The project is receiving a $74,000 flooding hazard mitigation grant through the Massachusetts Emergency Management Agency and the Federal Emergency Management Agency and will also address erosion problems along the bank of Little River near the outflow of two drainage pipes. The city is matching 25 percent of that funding.
Roberts said there are two drainage pipes, one 18-inches in diameter and the other a 24-inch line. The larger pipe has no protective head wall, resulting in bank erosion around the pipe that currently hangs out, unsupported, over the river.
The solution to the street flooding is elegant in its simplicity: stop the water from going backward up the pipe.
“An in-line check valve will be inserted into the ends of the pipes, which will allow (storm)water to flow out, but not allow inflow (of river water),” Roberts said. “This is a resource area improvement project because of the bank mitigation and flood control aspects.”
The project will require the contractor to install a cofferdam to protect the bank during construction of a head wall around the 24-inch outflow. Roberts said the design calls for use of Gabion baskets, wire mesh structures filled with rock. The type of basket being used in the project also has pipes holding soil on the top and side, facing the river, that can be planted with grasses to stabilize the head wall into the bank.
The Conservation Commission set a condition that the work, expected to require between 30 and 45 days, be done during “low flow periods” which typically occur during the high summer months. The commission also set a condition for the contractor to coordinate with the Springfield Water Department, pertaining to water release from Cobble Mountain Reservoir, that causes the river water to rise significantly. The commission also requested a number of annual inspections of the system because the technology being used for both the back-flow valve and head wall are relatively new.
Roberts said that other advantages provided by the system will include a reduction of sedimentation caused when the flood water returns to the river, pulling material off the roadway into the river.
The project is one of three now approved by the commission for drainage and bank stabilization along the Mainline Drive section of the Little River.
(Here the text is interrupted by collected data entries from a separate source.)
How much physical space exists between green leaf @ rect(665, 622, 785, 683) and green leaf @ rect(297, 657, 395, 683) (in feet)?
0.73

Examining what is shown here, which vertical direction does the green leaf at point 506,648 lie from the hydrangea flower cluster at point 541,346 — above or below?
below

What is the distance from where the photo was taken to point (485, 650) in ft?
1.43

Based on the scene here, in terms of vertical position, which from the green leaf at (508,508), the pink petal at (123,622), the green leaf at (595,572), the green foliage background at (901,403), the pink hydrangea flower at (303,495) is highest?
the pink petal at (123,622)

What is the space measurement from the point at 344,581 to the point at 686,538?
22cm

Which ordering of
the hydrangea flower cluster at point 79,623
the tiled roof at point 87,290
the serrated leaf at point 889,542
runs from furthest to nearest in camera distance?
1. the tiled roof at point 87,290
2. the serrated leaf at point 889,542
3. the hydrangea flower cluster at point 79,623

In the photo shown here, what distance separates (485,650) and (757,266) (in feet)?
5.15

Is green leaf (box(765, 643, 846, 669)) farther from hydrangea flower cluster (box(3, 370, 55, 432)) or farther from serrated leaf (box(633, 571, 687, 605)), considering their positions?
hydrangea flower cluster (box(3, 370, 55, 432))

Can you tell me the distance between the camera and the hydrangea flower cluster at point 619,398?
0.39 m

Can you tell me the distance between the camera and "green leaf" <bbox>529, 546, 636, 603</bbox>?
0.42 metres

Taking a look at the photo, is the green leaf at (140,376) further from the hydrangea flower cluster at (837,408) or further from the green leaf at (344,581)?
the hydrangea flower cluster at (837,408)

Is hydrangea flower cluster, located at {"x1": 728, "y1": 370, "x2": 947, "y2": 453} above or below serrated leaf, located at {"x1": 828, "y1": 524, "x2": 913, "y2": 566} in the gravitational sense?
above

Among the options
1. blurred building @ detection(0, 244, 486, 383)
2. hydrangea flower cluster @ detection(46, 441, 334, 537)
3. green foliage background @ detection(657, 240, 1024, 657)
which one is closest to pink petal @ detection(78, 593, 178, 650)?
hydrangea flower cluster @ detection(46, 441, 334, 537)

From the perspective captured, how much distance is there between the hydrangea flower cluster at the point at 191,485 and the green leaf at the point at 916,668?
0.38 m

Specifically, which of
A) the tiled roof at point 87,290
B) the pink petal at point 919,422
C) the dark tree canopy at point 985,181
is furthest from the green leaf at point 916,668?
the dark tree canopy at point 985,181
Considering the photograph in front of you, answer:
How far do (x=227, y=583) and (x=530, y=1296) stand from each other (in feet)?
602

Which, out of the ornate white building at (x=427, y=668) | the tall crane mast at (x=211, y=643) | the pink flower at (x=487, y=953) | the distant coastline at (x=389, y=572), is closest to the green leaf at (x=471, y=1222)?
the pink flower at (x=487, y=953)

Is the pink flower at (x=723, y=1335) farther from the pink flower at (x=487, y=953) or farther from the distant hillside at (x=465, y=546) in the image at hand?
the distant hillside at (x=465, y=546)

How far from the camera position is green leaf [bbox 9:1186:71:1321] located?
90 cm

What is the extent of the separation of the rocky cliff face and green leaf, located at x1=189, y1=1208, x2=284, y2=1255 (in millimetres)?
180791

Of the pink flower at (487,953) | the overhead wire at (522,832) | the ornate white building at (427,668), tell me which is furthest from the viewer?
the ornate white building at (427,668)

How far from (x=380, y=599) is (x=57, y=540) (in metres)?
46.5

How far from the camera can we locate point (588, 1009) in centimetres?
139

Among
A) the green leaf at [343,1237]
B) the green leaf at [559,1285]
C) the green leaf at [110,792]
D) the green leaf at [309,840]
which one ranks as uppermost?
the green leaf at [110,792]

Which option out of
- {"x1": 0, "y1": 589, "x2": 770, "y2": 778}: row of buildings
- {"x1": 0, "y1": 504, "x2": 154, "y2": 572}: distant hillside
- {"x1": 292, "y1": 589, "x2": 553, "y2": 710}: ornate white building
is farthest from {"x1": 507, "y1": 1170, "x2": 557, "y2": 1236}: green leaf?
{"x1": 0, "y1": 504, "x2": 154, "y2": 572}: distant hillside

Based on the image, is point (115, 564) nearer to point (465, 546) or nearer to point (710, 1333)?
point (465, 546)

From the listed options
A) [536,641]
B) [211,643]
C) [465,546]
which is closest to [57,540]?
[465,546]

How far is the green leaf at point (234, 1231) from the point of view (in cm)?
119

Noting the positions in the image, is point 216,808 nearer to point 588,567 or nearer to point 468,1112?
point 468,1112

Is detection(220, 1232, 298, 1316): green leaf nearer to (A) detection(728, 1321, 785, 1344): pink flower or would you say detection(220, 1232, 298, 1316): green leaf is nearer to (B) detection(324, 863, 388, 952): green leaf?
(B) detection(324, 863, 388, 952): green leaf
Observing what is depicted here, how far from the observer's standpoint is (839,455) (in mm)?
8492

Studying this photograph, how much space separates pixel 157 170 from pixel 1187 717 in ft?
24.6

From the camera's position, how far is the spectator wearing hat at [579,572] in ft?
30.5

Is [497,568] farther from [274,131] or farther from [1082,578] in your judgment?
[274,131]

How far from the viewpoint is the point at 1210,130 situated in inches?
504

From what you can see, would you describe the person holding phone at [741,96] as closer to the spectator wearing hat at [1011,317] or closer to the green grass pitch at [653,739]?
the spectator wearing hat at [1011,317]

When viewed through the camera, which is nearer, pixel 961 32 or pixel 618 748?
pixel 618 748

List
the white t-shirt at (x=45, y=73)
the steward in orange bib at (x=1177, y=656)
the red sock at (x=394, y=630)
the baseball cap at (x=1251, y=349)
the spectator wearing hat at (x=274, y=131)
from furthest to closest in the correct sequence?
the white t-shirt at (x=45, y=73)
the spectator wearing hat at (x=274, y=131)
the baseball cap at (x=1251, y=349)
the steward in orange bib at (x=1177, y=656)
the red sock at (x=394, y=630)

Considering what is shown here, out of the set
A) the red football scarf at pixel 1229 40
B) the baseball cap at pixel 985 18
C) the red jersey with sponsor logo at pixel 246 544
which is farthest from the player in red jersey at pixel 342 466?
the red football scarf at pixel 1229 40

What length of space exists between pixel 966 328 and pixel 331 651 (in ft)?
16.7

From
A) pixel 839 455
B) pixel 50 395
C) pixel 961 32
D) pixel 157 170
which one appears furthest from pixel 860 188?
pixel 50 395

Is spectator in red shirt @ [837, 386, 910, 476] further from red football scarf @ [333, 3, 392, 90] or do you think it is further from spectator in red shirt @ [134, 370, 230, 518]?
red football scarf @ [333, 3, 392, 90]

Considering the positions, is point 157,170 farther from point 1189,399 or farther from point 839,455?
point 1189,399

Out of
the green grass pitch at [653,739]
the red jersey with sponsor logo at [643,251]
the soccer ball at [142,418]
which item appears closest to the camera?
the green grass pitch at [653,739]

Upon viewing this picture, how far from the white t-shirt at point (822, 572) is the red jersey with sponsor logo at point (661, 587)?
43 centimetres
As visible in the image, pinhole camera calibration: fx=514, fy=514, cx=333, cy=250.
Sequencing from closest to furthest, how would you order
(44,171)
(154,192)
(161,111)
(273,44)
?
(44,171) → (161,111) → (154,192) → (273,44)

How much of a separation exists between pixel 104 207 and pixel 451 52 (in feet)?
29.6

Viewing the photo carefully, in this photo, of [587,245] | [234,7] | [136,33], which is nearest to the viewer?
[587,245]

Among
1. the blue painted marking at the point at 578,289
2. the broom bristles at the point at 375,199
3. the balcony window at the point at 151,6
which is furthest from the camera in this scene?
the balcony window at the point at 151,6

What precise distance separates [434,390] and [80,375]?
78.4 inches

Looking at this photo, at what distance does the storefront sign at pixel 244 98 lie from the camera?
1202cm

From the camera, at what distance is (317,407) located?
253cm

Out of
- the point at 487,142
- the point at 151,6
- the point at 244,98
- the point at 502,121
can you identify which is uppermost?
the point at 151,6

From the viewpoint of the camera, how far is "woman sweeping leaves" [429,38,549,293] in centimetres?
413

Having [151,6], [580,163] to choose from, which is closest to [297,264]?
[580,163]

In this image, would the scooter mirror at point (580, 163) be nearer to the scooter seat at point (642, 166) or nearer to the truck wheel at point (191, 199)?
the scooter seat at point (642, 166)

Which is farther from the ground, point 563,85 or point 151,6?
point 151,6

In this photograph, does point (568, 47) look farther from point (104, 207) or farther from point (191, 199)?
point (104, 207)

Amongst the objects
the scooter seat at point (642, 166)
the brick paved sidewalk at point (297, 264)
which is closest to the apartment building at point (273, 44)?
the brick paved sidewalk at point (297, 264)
The commission has approved orders of conditions for two state Department of Transportation projects, one a drainage project of a holding area along East Main Street where plowing and sanding trucks line up while awaiting entry into the DOT yard, and the second to address erosion of the river bank at the rear of the DOT property. That stabilization project will also use a technology, J-hooks, which is new to the New England area, but has been used successfully in other parts of the country to address river bank erosion.